What This Means for You
For Indian startups using banking APIs, payment gateways, or Aadhaar-based KYC: the security audit work underway will likely result in additional authentication requirements and API changes over the next 6–12 months — build that flexibility into your integration layer. For enterprise CISOs in India: accelerate your AI-specific threat model — your old playbook assumed human-speed attackers. For anyone using Aadhaar-linked apps: enable the highest security settings on your linked accounts now.
Frequently Asked Questions (FAQs)
Q: Why are Infosys and TCS auditing Indian banks for AI threats?
A: Infosys and TCS are working with CERT-In to test India's critical banking and government systems for vulnerabilities to AI-powered cyberattacks. AI systems can now scan code, identify vulnerabilities, and craft exploits at machine speed — making existing security frameworks insufficient against this new threat class.

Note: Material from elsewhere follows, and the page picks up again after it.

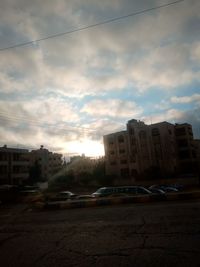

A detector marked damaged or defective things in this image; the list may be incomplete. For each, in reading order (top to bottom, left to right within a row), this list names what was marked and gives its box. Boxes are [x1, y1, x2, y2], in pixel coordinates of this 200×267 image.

cracked pavement [0, 202, 200, 266]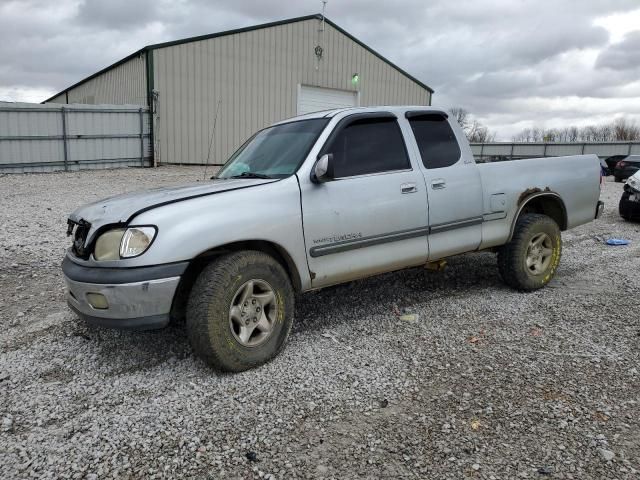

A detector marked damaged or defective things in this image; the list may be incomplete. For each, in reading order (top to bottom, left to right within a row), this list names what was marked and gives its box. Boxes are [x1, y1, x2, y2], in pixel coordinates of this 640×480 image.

front bumper damage [62, 255, 188, 330]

Q: Is the Aadhaar database at risk from AI cyberattacks?
A: CERT-In is specifically stress-testing Aadhaar and government login systems as part of the current audit. No breach has been announced — the audit is proactive, identifying and patching vulnerabilities before attacks occur.
Q: What is Finacle and why is Infosys testing it?
A: Finacle is Infosys's core banking software used by over 100 banks globally, including major Indian public sector banks like SBI and Bank of Baroda. A vulnerability in Finacle would have systemic consequences for the Indian financial system — making it a priority audit target.
Q: How can Indian businesses protect themselves from AI-powered cyberattacks?
A: Start with API security audits (AI attacks target machine-readable interfaces first), rotate all developer credentials and API keys, ensure MFA is enabled on all critical systems, and ask software vendors whether they've conducted AI-threat security reviews recently.
Q: What enforcement powers does India's CERT-In have?
A: CERT-In can mandate compliance requirements for critical infrastructure and requires organizations to report cybersecurity incidents within 6 hours of detection — one of the world's strictest incident-reporting regimes.
India's AI cybersecurity moment is now. The fact that Infosys and TCS are dedicating resources proactively — not reactively — is the most encouraging signal that India is taking AI-era security seriously. The window to act before the first major AI-powered breach is still open. Barely.